■ **YOUR GOAL**:
No picture belongs in the answer, which must hold exactly the lines from the one with "Felgroene Fietskrat - 40" through the final line below.

■ **GIVEN INFORMATION**:
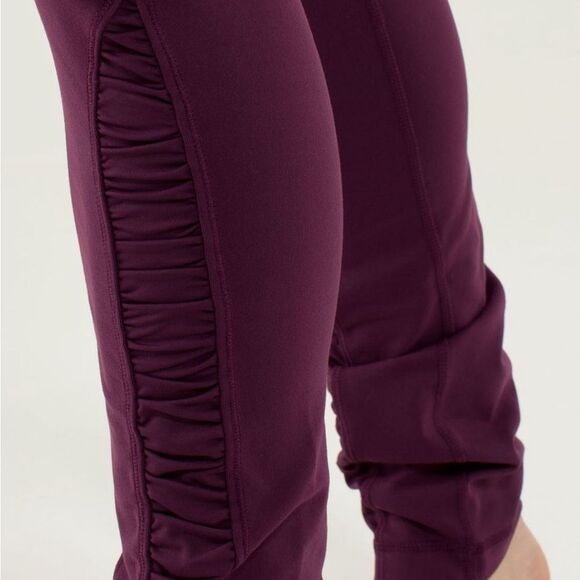 Lululemon City Pulse Pant Plum / Black / Ziggy Wee August Glo - Picture 3 of 10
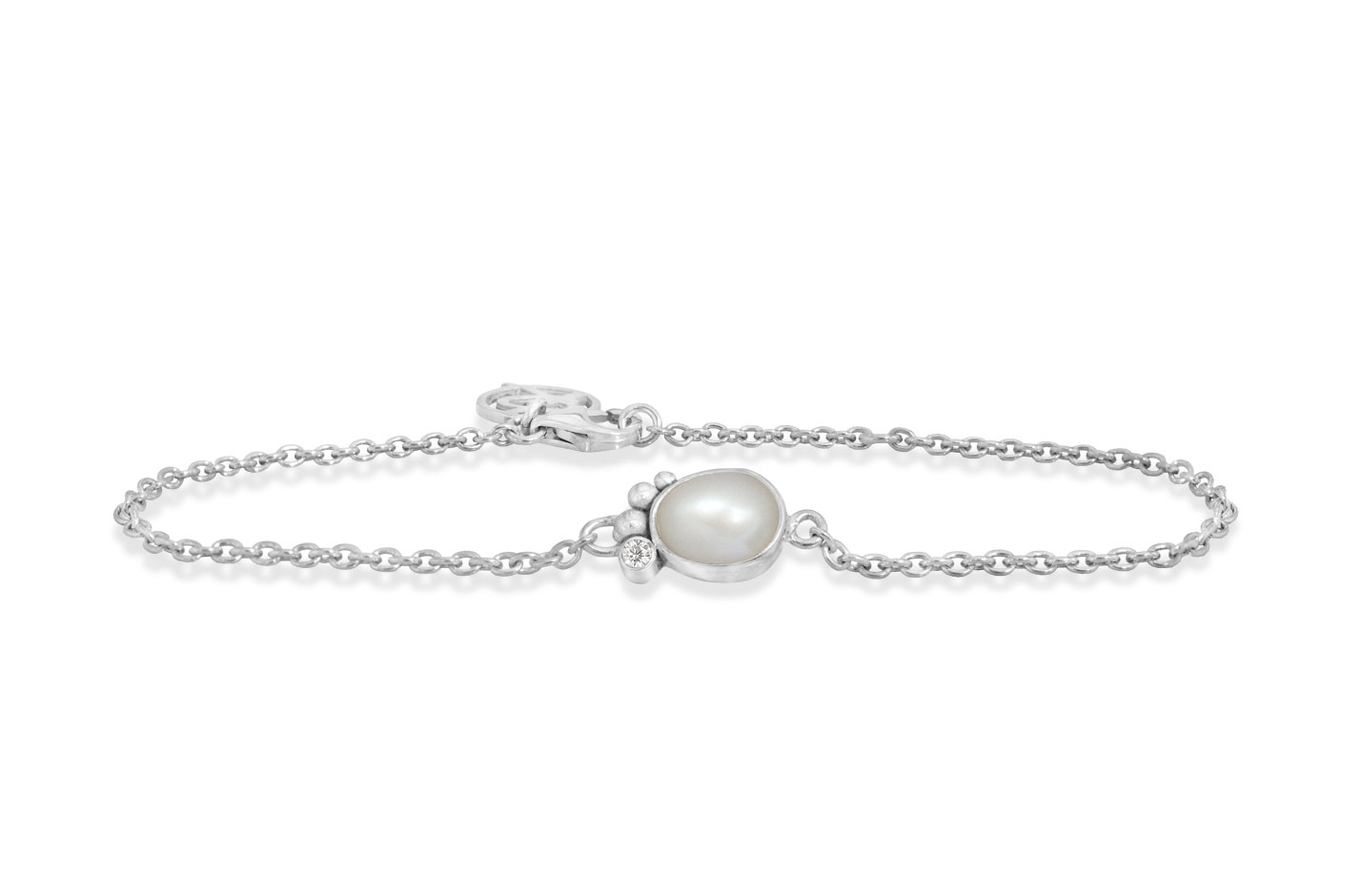 Sølv armbånd - Pleasant Pearl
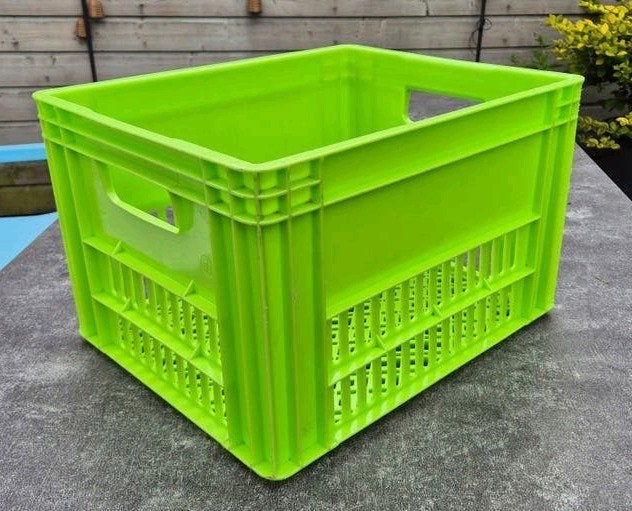Felgroene Fietskrat - 40 liter - zgan, Ophalen, Zo goed als nieuw, Overige typen, Minder dan 20 kg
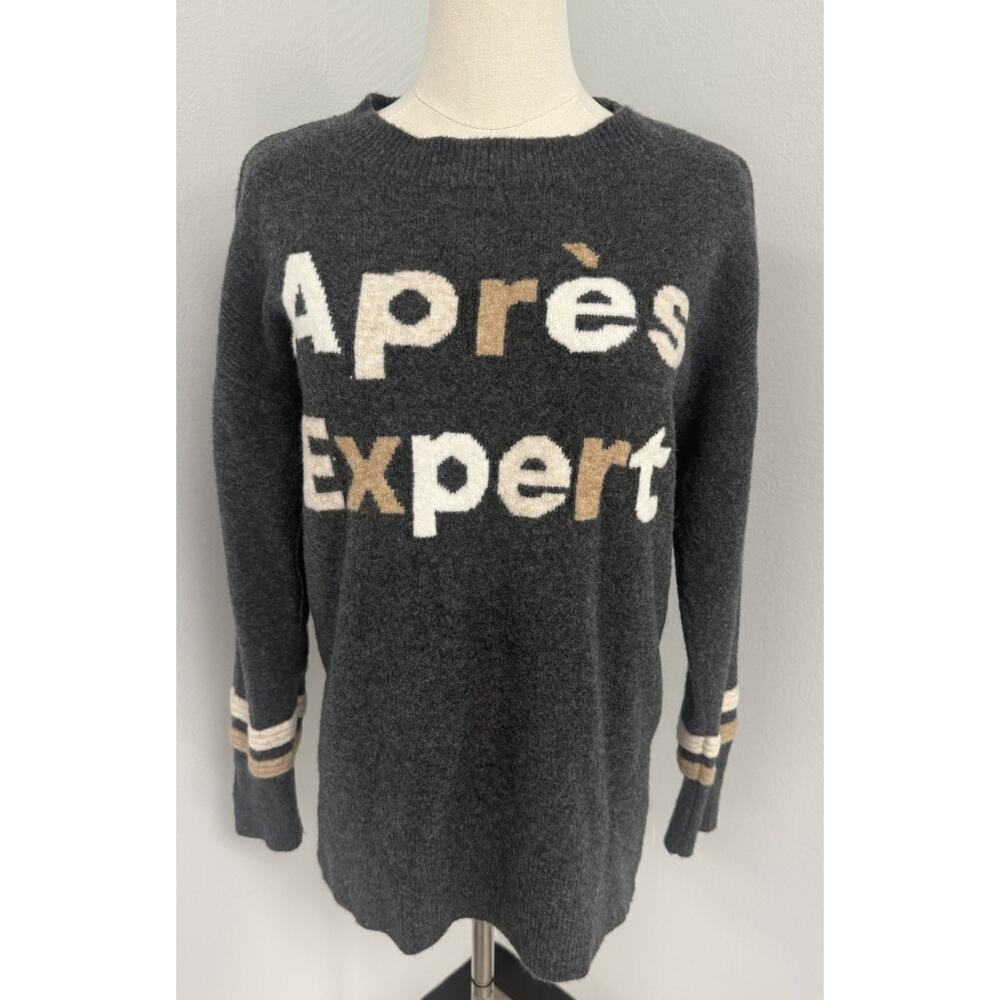 Loft / Lou & Grey Women's Ski Express Gray Cozy Sweater Size Small - Picture 2 of 6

■ **WRITTEN ANSWER**:
Felgroene Fietskrat - 40 liter - zgan, Ophalen, Zo goed als nieuw, Overige typen, Minder dan 20 kg
 Loft / Lou & Grey Women's Ski Express Gray Cozy Sweater Size Small - Picture 2 of 6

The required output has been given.